Getting Started with Batch Job Scheduling (Batch computing Part II) (COMPLECS)

Remote event

High-performance computing (HPC) systems are specialized resources in use and shared by many researchers across all domains of science, engineering, and beyond. In order to distribute these advanced computing resources in an efficient, fair, and organized way, most of the computational workloads run on these systems are executed as batch jobs, which are simply prescripted sets of commands that are executed on a subset of an HPC system’s compute resources for a given amount of time. Researchers submit these batch jobs as scripts to a batch job scheduler, the software that controls and tracks where and when the batch jobs submitted to the system will eventually be run. However, if this is your first time using an HPC system and interacting with a batch job scheduler like Slurm, then writing and submitting your first batch job scripts to them may be somewhat intimidating due to the inherent complexity of these systems. Moreover, the schedulers can be configured in many different ways and will often have unique features and options that vary from system to system, which you will also need to consider when writing and submitting your batch jobs.

In this second part of our series on Batch Computing, we will introduce you to the concept of a distributed batch job scheduler — what they are, why they exist, and how they work — using the Slurm Workload Manager as our reference implementation and testbed. You will then learn how to write your first job script and submit it to an HPC System running Slurm as its scheduler. We will also discuss the best practices for how to structure your batch job scripts, teach you how to leverage Slurm environment variables, and provide tips on how to request resources from the scheduler to get your work done faster. 

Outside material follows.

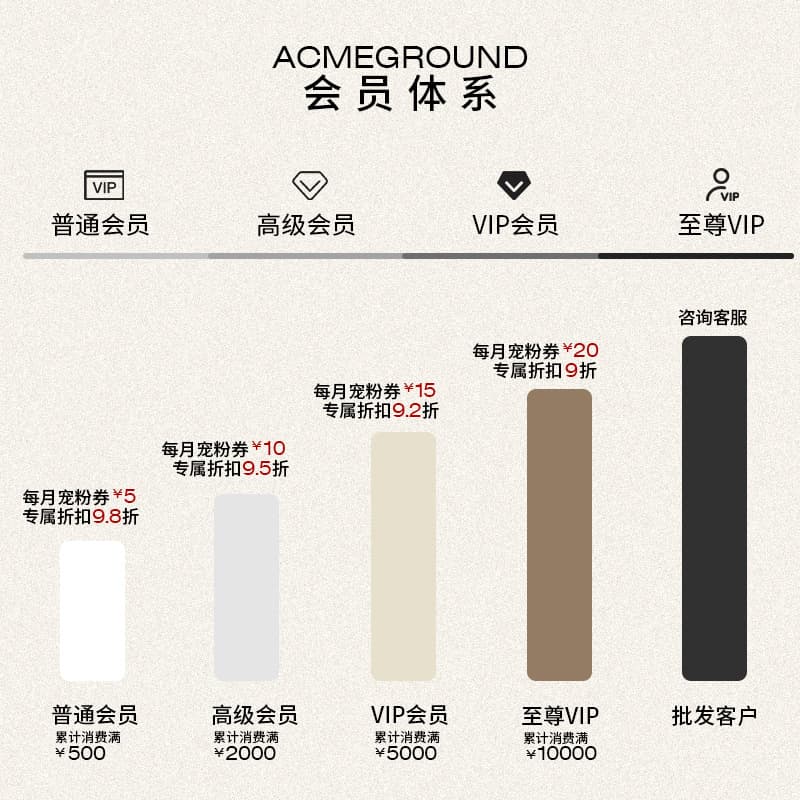 ACME GROUND "Membership System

To complete the exercises covered in Part II, you will need access to an HPC system running the Slurm Workload Manager as its batch job scheduler.

Instructor

Marty Kandes, Ph.D.

Computational & Data Science Research Specialist, SDSC

Marty Kandes is a Senior Computational and Data Science Research Specialist at the San Diego Supercomputer Center (SDSC). As part of the High-Performance Computing (HPC) User Services Group within the Data-Enabled Scientific Computing Division, he provides technical user support and services to the national research community leveraging the Advanced Cyberinfrasurcture (CI) and HPC resources designed, built and operated by SDSC on behalf of the U.S. National Science Foundation (NSF). Marty is also a member of the National Artificial Intelligence (AI) Research Institute for Intelligent CI with Computational Learning in the Environment (ICICLE). His current research interests include problems in distributed AI inference over wireless networks, data privacy in natural language processing, and secure interactive computing. He also contributes to many of the education, outreach, and training initiatives at SDSC, including serving as a Co-PI for the COMPrehensive Learning for end-users to Effectively utilize CyberinfraStructure (COMPLECS) CyberTraining program and as mentor for the Research Experience for High School Students (REHS) program. Marty received his Ph.D. in Computational Science from the Computational Science Research Center (CSRC) at San Diego State University (SDSU), where he studied quantum systems in rotating frames of reference through the use of numerical simulations. He also holds an M.S. in Physics from SDSU and dual B.S. degrees in Applied Mathematics and Physics from the University of Michigan, Ann Arbor.